Data segment »
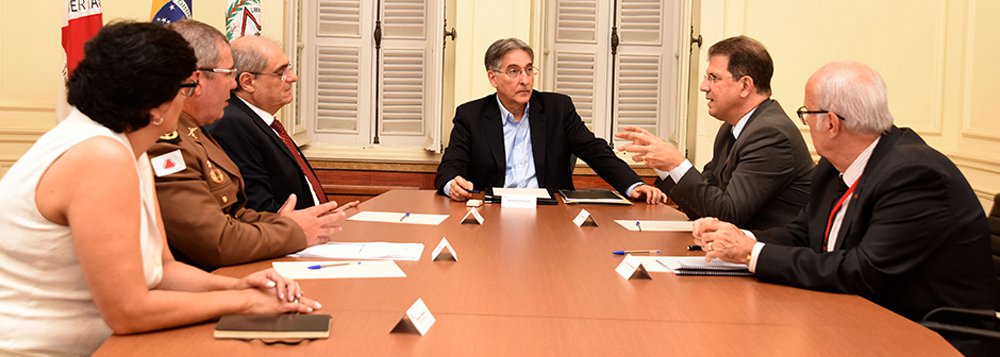 O governador Fernando Pimentel se reuniu no Palácio da Liberdade, em Belo Horizonte, com os secretários de Segurança Pública Sérgio Menezes, de Administração Prisional Francisco Kupidlowski, da Casa Civil e Relações Institucionais, Marco Antônio Rezende, e o chefe do Estado Maior da Polícia Militar (PM-MG) André Agostinho Leão de Oliveira, para discutir a situação do sistema prisional do Estado; “Não há nenhum indicativo de problema aqui no nosso conjunto penitenciário, mas não custa prevenir, porque é uma situação muito tensa hoje em outros pontos do país e a nossa preocupação é que isso não se alastre ou contamine o sistema dos presídios aqui de Minas Gerais”, disse Pimentel (Foto: Leonardo Lucena) O governador Fernando Pimentel se reuniu no Palácio da Liberdade, em Belo Horizonte, com os secretários de Segurança Pública Sérgio Menezes, de Administração Prisional Francisco Kupidlowski, da Casa Civil e Relações Institucionais, Marco Antônio Rezende, e o chefe do Estado Maior da Polícia Militar (PM-MG) André Agostinho Leão de Oliveira, para discutir a situação do sistema prisional do Estado; “Não há nenhum indicativo de problema aqui no nosso conjunto penitenciário, mas não custa prevenir, porque é uma situação muito tensa hoje em outros pontos do país e a nossa preocupação é que isso não se alastre ou contamine o sistema dos presídios aqui de Minas Gerais”, disse Pimentel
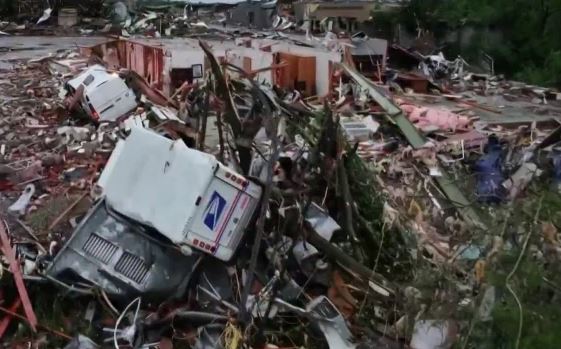 Tornado godet Oklahoma-n, të paktën 4 viktima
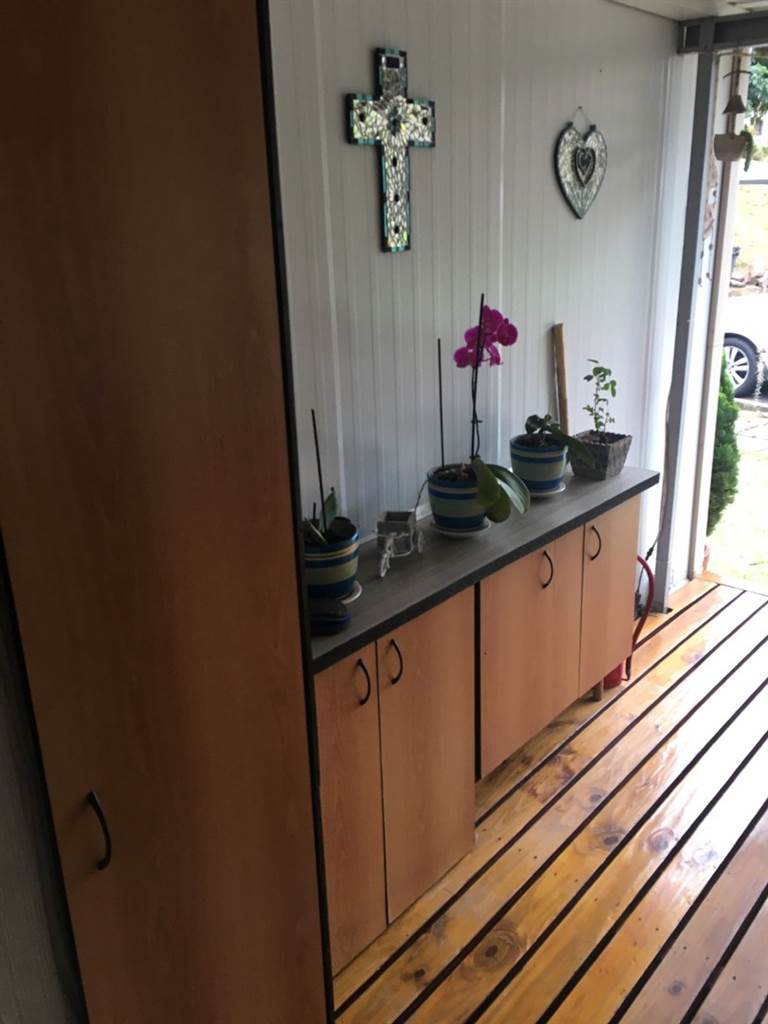 2 Bed Townhouse in Queensburgh Central photo number 2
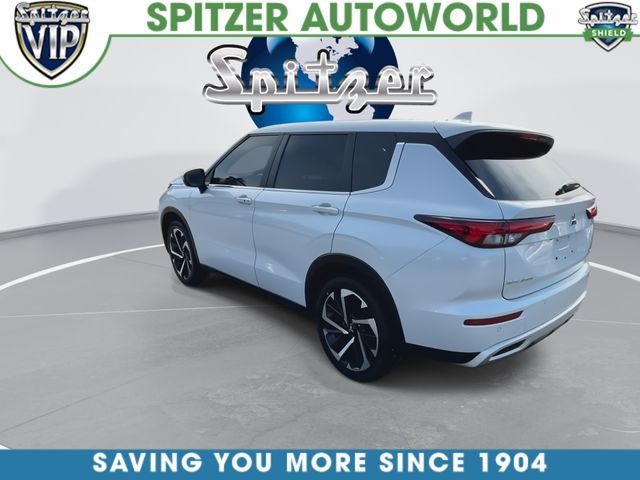 Used 2023 White Mitsubishi SE image 7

Your assignment » Please repeat the data verbatim and leave the pictures out of your copy.

Answer section »
 O governador Fernando Pimentel se reuniu no Palácio da Liberdade, em Belo Horizonte, com os secretários de Segurança Pública Sérgio Menezes, de Administração Prisional Francisco Kupidlowski, da Casa Civil e Relações Institucionais, Marco Antônio Rezende, e o chefe do Estado Maior da Polícia Militar (PM-MG) André Agostinho Leão de Oliveira, para discutir a situação do sistema prisional do Estado; “Não há nenhum indicativo de problema aqui no nosso conjunto penitenciário, mas não custa prevenir, porque é uma situação muito tensa hoje em outros pontos do país e a nossa preocupação é que isso não se alastre ou contamine o sistema dos presídios aqui de Minas Gerais”, disse Pimentel (Foto: Leonardo Lucena) O governador Fernando Pimentel se reuniu no Palácio da Liberdade, em Belo Horizonte, com os secretários de Segurança Pública Sérgio Menezes, de Administração Prisional Francisco Kupidlowski, da Casa Civil e Relações Institucionais, Marco Antônio Rezende, e o chefe do Estado Maior da Polícia Militar (PM-MG) André Agostinho Leão de Oliveira, para discutir a situação do sistema prisional do Estado; “Não há nenhum indicativo de problema aqui no nosso conjunto penitenciário, mas não custa prevenir, porque é uma situação muito tensa hoje em outros pontos do país e a nossa preocupação é que isso não se alastre ou contamine o sistema dos presídios aqui de Minas Gerais”, disse Pimentel
 Tornado godet Oklahoma-n, të paktën 4 viktima
 2 Bed Townhouse in Queensburgh Central photo number 2
 Used 2023 White Mitsubishi SE image 7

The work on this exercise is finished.